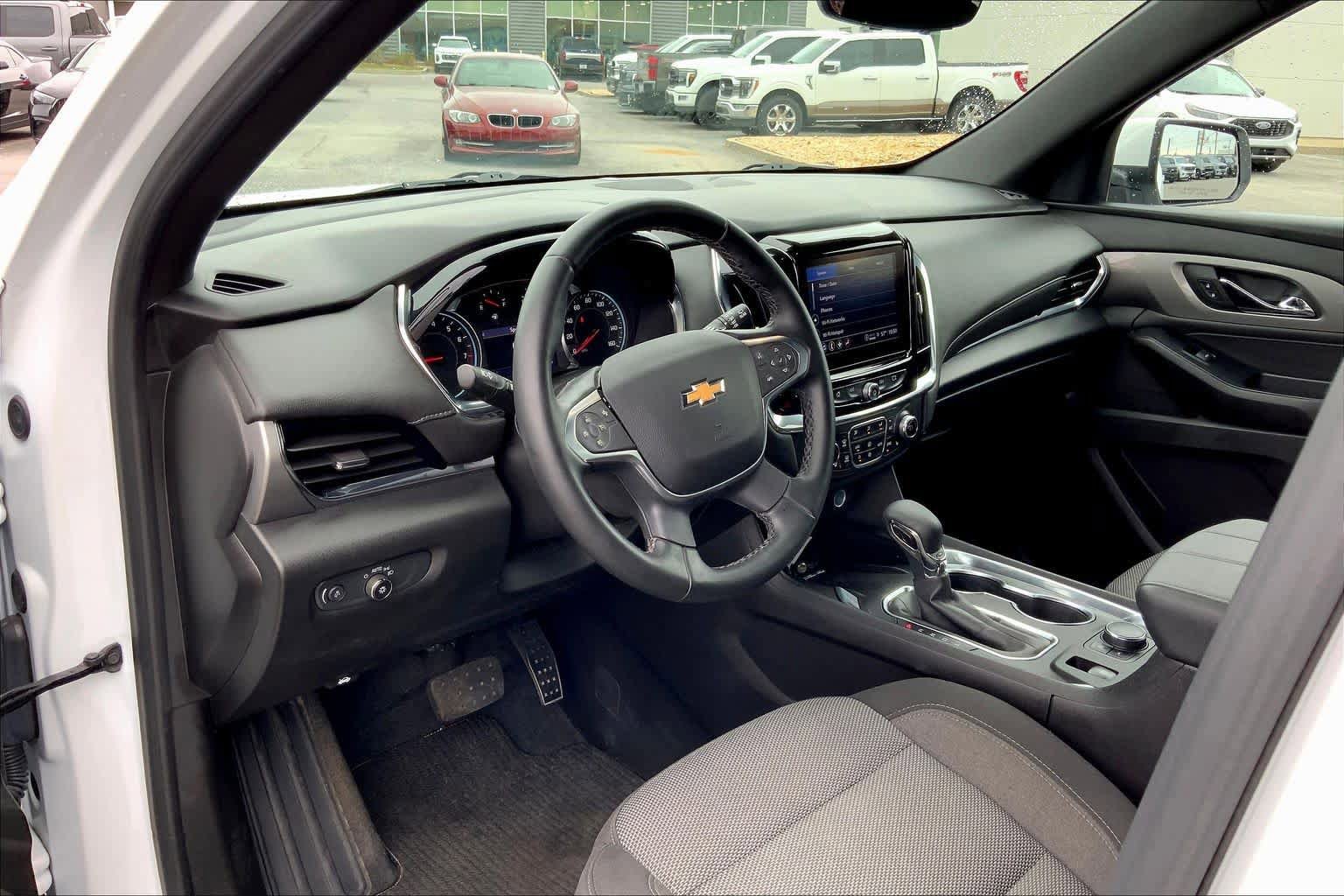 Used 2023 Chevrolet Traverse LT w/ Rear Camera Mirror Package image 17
****
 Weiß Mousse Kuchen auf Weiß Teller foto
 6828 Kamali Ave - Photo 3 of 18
****
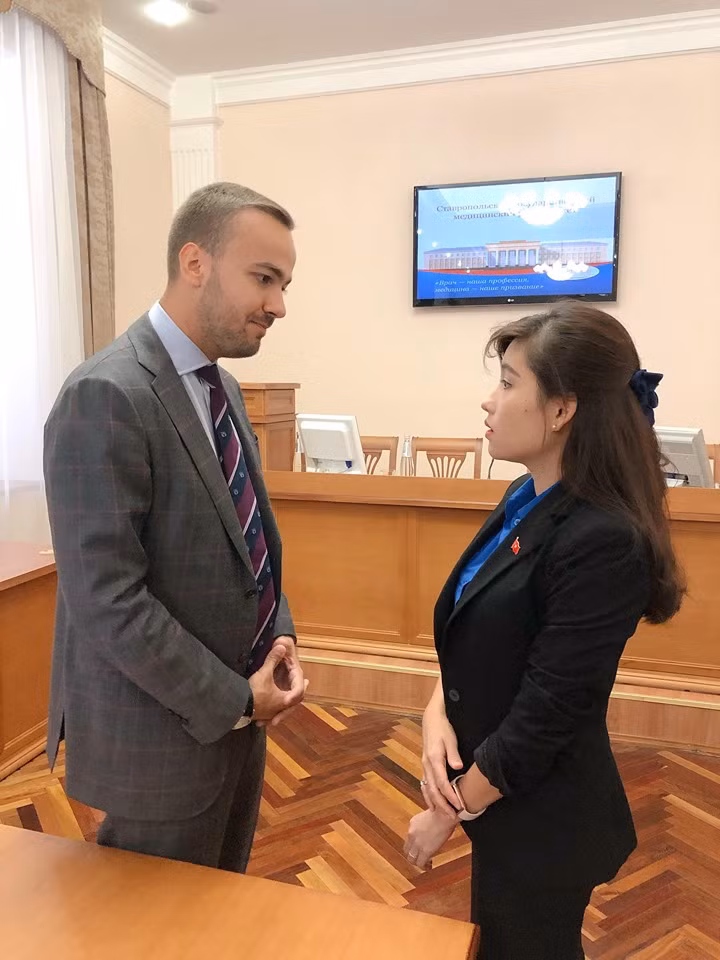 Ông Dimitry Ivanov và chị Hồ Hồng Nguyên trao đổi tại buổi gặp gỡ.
****
■ PROBLEM TO SOLVE ■
Among the records above, extract exactly the lines from the line with "Weiß Mousse Kuchen auf Weiß Teller foto" to the line with "6828 Kamali Ave - Photo 3 of 18", both lines included, and leave out the rest.

■ SOLUTION FOR THIS PROBLEM ■
 Weiß Mousse Kuchen auf Weiß Teller foto
 6828 Kamali Ave - Photo 3 of 18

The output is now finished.